>>>>>

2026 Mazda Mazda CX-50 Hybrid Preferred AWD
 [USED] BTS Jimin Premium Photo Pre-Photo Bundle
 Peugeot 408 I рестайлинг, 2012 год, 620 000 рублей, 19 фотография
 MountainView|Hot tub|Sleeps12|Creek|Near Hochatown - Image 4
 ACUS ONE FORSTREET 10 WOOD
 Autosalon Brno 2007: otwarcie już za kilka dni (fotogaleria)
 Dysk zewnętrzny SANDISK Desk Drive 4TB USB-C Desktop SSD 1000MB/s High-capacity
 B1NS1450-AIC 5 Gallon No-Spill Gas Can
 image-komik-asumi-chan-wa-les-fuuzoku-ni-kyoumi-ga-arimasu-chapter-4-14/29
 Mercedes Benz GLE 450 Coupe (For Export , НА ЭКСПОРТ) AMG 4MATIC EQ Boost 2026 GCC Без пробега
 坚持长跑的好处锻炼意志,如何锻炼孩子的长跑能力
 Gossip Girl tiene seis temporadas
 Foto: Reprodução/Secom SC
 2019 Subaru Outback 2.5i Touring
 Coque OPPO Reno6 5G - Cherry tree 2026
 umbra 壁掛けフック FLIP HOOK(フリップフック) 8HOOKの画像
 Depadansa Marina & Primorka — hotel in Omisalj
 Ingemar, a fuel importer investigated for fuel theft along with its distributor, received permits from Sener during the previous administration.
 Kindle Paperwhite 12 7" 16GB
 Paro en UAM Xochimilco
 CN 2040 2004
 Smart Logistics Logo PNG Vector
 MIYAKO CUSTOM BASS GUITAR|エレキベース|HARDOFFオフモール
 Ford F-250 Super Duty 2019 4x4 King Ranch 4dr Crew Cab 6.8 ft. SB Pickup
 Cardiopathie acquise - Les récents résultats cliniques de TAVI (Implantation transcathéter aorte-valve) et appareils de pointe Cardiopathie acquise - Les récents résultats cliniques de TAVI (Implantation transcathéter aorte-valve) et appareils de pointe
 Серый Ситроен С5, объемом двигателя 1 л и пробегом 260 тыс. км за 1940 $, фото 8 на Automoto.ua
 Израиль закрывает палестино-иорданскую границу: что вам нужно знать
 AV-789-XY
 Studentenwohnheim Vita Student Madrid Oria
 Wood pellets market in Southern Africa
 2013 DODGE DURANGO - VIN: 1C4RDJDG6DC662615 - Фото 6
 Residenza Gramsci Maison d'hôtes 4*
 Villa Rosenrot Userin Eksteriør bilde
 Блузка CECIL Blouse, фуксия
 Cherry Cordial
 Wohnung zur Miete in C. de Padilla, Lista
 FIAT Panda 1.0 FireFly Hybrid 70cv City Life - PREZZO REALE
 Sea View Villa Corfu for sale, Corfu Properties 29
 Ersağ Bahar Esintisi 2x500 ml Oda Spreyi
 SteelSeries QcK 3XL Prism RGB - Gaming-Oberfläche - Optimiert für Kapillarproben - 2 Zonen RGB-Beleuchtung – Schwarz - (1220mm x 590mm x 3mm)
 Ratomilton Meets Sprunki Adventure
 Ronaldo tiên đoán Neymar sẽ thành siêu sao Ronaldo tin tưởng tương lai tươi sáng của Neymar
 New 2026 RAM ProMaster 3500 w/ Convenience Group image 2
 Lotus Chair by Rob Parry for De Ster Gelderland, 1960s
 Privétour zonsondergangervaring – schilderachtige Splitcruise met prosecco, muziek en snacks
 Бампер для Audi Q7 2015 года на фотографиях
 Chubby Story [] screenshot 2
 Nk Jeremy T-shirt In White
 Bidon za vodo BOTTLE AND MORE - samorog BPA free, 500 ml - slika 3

<<<<<

ASSIGNED TASK
Send back all of the entries exactly, with nothing missing.

RESULT
2026 Mazda Mazda CX-50 Hybrid Preferred AWD
 [USED] BTS Jimin Premium Photo Pre-Photo Bundle
 Peugeot 408 I рестайлинг, 2012 год, 620 000 рублей, 19 фотография
 MountainView|Hot tub|Sleeps12|Creek|Near Hochatown - Image 4
 ACUS ONE FORSTREET 10 WOOD
 Autosalon Brno 2007: otwarcie już za kilka dni (fotogaleria)
 Dysk zewnętrzny SANDISK Desk Drive 4TB USB-C Desktop SSD 1000MB/s High-capacity
 B1NS1450-AIC 5 Gallon No-Spill Gas Can
 image-komik-asumi-chan-wa-les-fuuzoku-ni-kyoumi-ga-arimasu-chapter-4-14/29
 Mercedes Benz GLE 450 Coupe (For Export , НА ЭКСПОРТ) AMG 4MATIC EQ Boost 2026 GCC Без пробега
 坚持长跑的好处锻炼意志,如何锻炼孩子的长跑能力
 Gossip Girl tiene seis temporadas
 Foto: Reprodução/Secom SC
 2019 Subaru Outback 2.5i Touring
 Coque OPPO Reno6 5G - Cherry tree 2026
 umbra 壁掛けフック FLIP HOOK(フリップフック) 8HOOKの画像
 Depadansa Marina & Primorka — hotel in Omisalj
 Ingemar, a fuel importer investigated for fuel theft along with its distributor, received permits from Sener during the previous administration.
 Kindle Paperwhite 12 7" 16GB
 Paro en UAM Xochimilco
 CN 2040 2004
 Smart Logistics Logo PNG Vector
 MIYAKO CUSTOM BASS GUITAR|エレキベース|HARDOFFオフモール
 Ford F-250 Super Duty 2019 4x4 King Ranch 4dr Crew Cab 6.8 ft. SB Pickup
 Cardiopathie acquise - Les récents résultats cliniques de TAVI (Implantation transcathéter aorte-valve) et appareils de pointe Cardiopathie acquise - Les récents résultats cliniques de TAVI (Implantation transcathéter aorte-valve) et appareils de pointe
 Серый Ситроен С5, объемом двигателя 1 л и пробегом 260 тыс. км за 1940 $, фото 8 на Automoto.ua
 Израиль закрывает палестино-иорданскую границу: что вам нужно знать
 AV-789-XY
 Studentenwohnheim Vita Student Madrid Oria
 Wood pellets market in Southern Africa
 2013 DODGE DURANGO - VIN: 1C4RDJDG6DC662615 - Фото 6
 Residenza Gramsci Maison d'hôtes 4*
 Villa Rosenrot Userin Eksteriør bilde
 Блузка CECIL Blouse, фуксия
 Cherry Cordial
 Wohnung zur Miete in C. de Padilla, Lista
 FIAT Panda 1.0 FireFly Hybrid 70cv City Life - PREZZO REALE
 Sea View Villa Corfu for sale, Corfu Properties 29
 Ersağ Bahar Esintisi 2x500 ml Oda Spreyi
 SteelSeries QcK 3XL Prism RGB - Gaming-Oberfläche - Optimiert für Kapillarproben - 2 Zonen RGB-Beleuchtung – Schwarz - (1220mm x 590mm x 3mm)
 Ratomilton Meets Sprunki Adventure
 Ronaldo tiên đoán Neymar sẽ thành siêu sao Ronaldo tin tưởng tương lai tươi sáng của Neymar
 New 2026 RAM ProMaster 3500 w/ Convenience Group image 2
 Lotus Chair by Rob Parry for De Ster Gelderland, 1960s
 Privétour zonsondergangervaring – schilderachtige Splitcruise met prosecco, muziek en snacks
 Бампер для Audi Q7 2015 года на фотографиях
 Chubby Story [] screenshot 2
 Nk Jeremy T-shirt In White
 Bidon za vodo BOTTLE AND MORE - samorog BPA free, 500 ml - slika 3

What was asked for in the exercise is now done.